Waktu saya mendaftar untuk kuliah, saya tidak daftar di fakultas kedokteran karena saya merasa menjadi orang yang tidak sabaran. Padahal dokter haruslah sabar. Saya sangat mengagumi guru Kimia saya, jadi saya mendaftar di Fakultas Teknik Kimia. Saya menjalaninya selama enam tahun dengan IPKum 3,3!!!
Dari situlah, tahun 1987 Tuhan menjawab “protes” saya dengan Firman-Nya di Yohanes 9 tentang orang buta sejak lahirnya. Murid-murid Yesus bertanya: Guru, siapakah yang berdosa, dia atau orang tuanya, sehingga ia lahir buta?
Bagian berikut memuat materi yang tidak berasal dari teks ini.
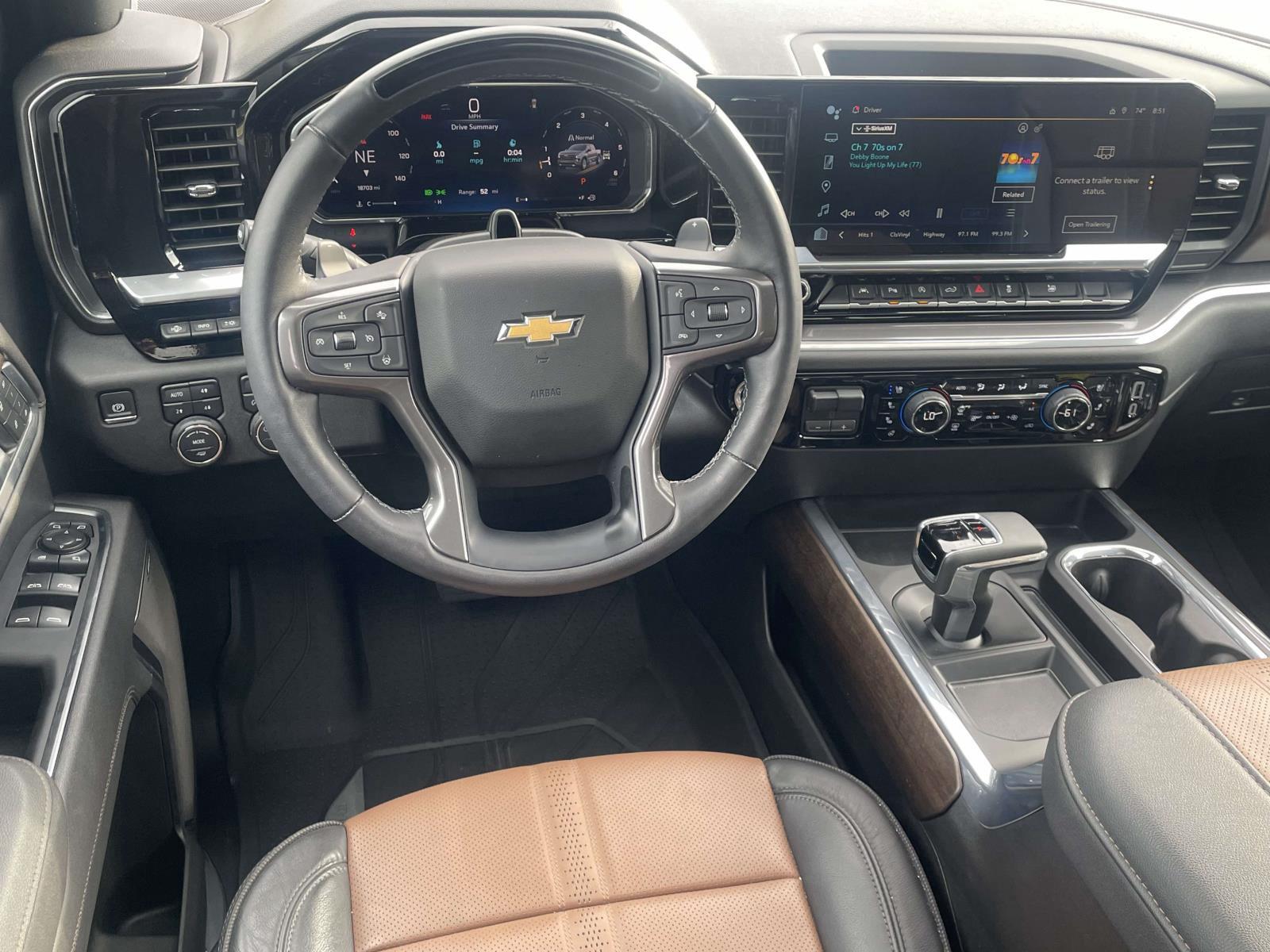 2026 Chevrolet Silverado 1500 High Country - Photo 14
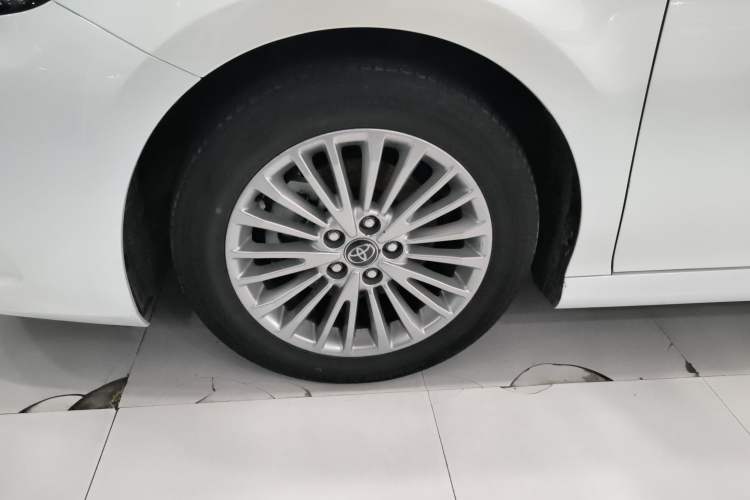 Used Toyota Camry 2024 Dual-Motor 2.0 HGVP Luxury Edition
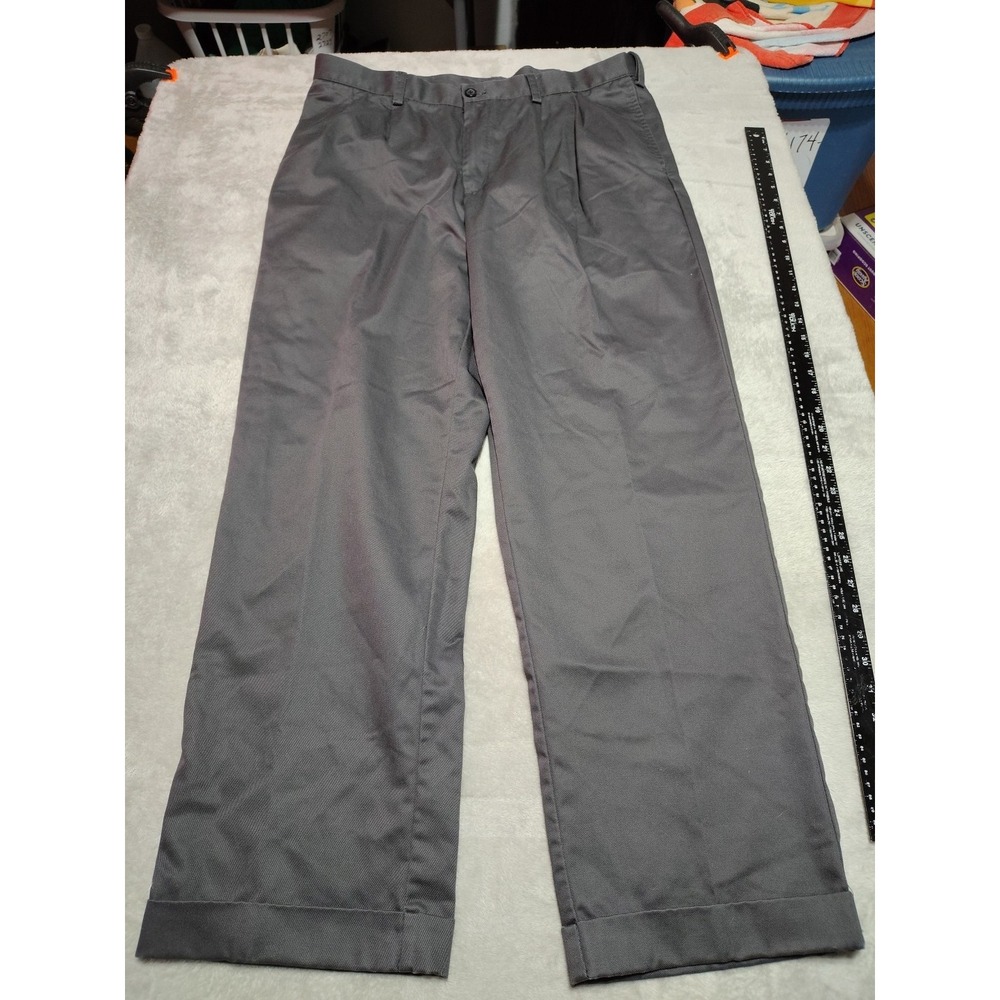 IZOD Khaki Pants Men 38/32 Dark Gray Cotton Preppy College Pleated Cuffed Work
Tetapi YESUS menjawab: Bukan dia dan bukan juga orang tuanya, tetapi karena pekerjaan-pekerjaan Allah harus dinyatakan di dalam dia!… Dan semua terbukti pada diri saya. Jadi dari umur 10 tahun – 27 tahun baru dijawab seruan saya kepada Tuhan.
Sejak itu saya berpegang teguh pada Matius 4:4 bahwa manusia tidak hidup dari roti saja tetapi dari setiap Firman yang keluar dari mulut Allah.
Sekian dulu, masih panjang kesaksian saya, yang sekarang sudah berumur 59 tahun lebih, menjelang 60 tahun. Saya berharap kesaksian saya bisa berbuah lebih banyak untuk teman-teman sekalian.